The recent advent of new cardiovascular imaging techniques has enlarged the diagnostic capabilities for any cardiologist. Nevertheless, due to the huge number of methods and techniques, it is very difficult for a physician to be permanently updated. During this ESC Congress and WCC 2006, many studies regarding cardiovascular imaging were presented. Summarising, the most striking advances can be divided into three categories: echo-Doppler, cardiac-CT and cardiac-MRI.
Echo-Doppler
During this congress, new techniques and applications of 3D echo have been shown. We have seen the role of 3D echo in the assessment of left ventricular volume, morphology and function. Furthermore, 3D echo allows a global, fast and accurate assessment of the left ventricle based on the semi-automated endocardial border tracking technique (1) (figures 1 and 2). These capabilities can be used to evaluate mechanical cardiac asynchrony and the response of patients to cardiac resynchronization therapy. One of the most recent advances in the field of 3D echo is the development of the parametric imaging. Using this new feature, it is possible to analyze left ventricular movement and synchrony only looking a color-coded image as the one represented in figure 2 (2).
Another new advance presented during this congress was the speckle-tracking analysis (3). This method allows - in a very friendly manner - to assess changes in length, velocity, acceleration, strain and strain-rate analysing the cardiac walls. Thus, this method can obtain direct measurements of strain and strain rate. Until now we could only obtain these measurements by deriving their values from tissue Doppler data sets.
And there were also several studies concerning the role of echo-Doppler to assess the effect of cell-therapy, its usefulness to assess the morphology and function of the left atrium and new advances regarding old subjects such as valvular heart disease, the usefulness of echo contrast for left ventricular opacificación and perfusion and stress echo (4).
Cardiac-CT
One of the most emphasised subjects regarding cardiovascular imaging in this congress has been cardiac-CT. This new image modality is emerging as a diagnostic tool for global assessment not only of the heart but the complete cardiovascular system. With the development of the 64-slice cardiac-CT, is possible to evaluate cardiac morphology and function as well as coronary and by-pass graft anatomy (5).

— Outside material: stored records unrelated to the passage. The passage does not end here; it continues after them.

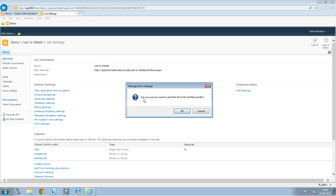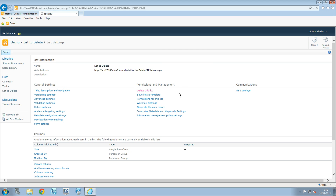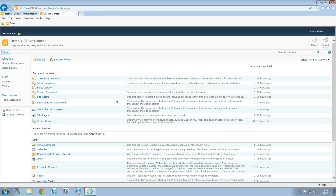Click on 'delete this list' and it will ask if you want to send this list to the recycle bin — yes. And now you can see that your list is deleted. So that was it, very quick.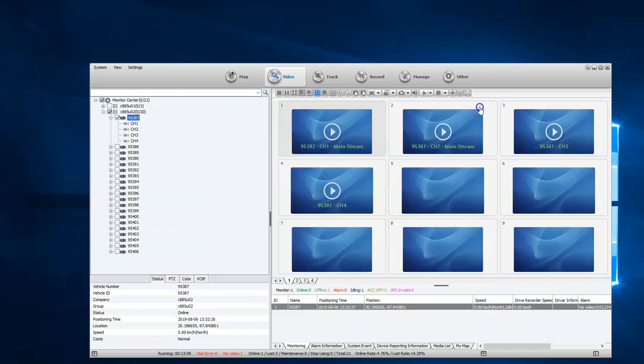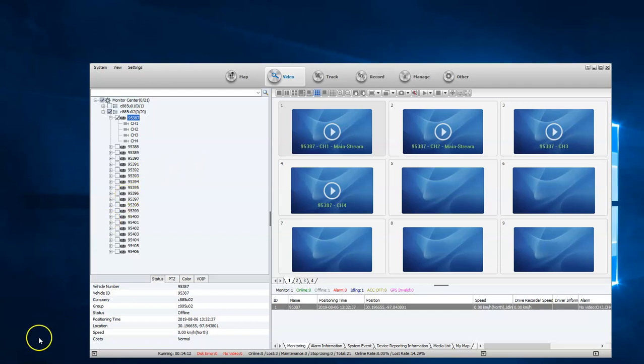So once you've done that, you are good to go. It'll reset automatically after it's formatted and then it'll come back, and you'll be able to view your cameras. That is quickly how you format your SD card. Thank you for watching.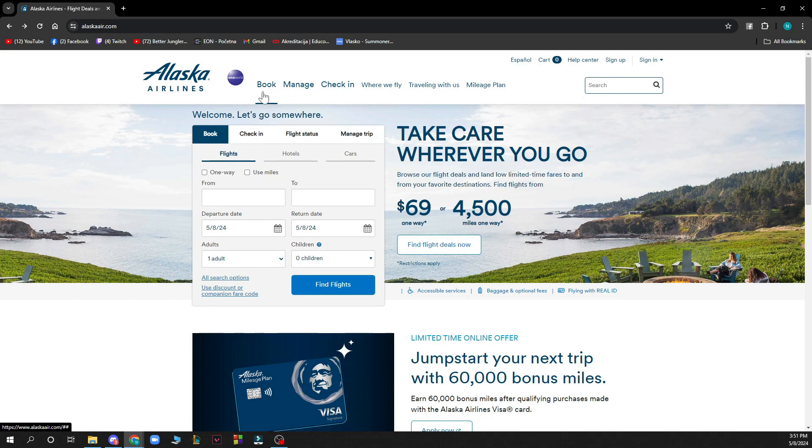Also in the top side you can book, manage and check-in, you can see where they fly so basically where Alaska Airlines can fly you to, you can click on traveling with us and plan here.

During this congress, several studies evaluating the diagnostic accuracy ofcardiac-CT using coronary angiography stress imaging tests as reference method were covered. Doubts have been raised concerning the prognostic usefulness of a coronary calcium score. But the majority of the studies have shown the role of 64-slice cardiac-CT over 16-slice cardiac-CT (figure 3), its usefulness as a screening tool for coronary artery disease in different scenarios, its usefulness on patients with coronary stents, its capability to analyse atherosclerotic plaques (burden, distribution, characteristics,…) and its new applications, to evaluate aortic valvular stenosis for instance (6).
Cardiac-MRI
And finally, a large number of abstracts analysing the diagnostic capabilities of cardiac-MRI were presented. In various abstracts presentations and conferences, the role for tissue characterisation of cardiac-MRI was presented not only in patients with ischemic heart disease, but in patients with different cardiomyopathies (7). The usefulness of cardiac-MRI to evaluate a new and promising therapeutic method, the cell therapy, was also established as well as its accuracy for the evaluation of valvular heart disease (8). Furthermore, cardiac-MRI has been established again as a “one stop shop” to evaluate cardiovascular disease.
Figure 1: Left ventricular “cast” obtained from real-time 3D echo datasets and time-volume curve representing left ventricular global volume change over the cardiac cycle.
Figure 2: Left ventricular “cast” obtained from real-time 3D echo datasets and time-volume curves representing left ventricular regional volume changes over the cardiac cycle.
Figure 3: Parametric images representing left ventricular excursion and asynchrony obtained from real-time 3D echo datasets. This figures are automatically displayed by the new 3D echo software.
Figure 4: Coronary angiography obtained by using 64-slice cardiac-CT.
The content of this article reflects the personal opinion of the author/s and is not necessarily the official position of the European Society of Cardiology.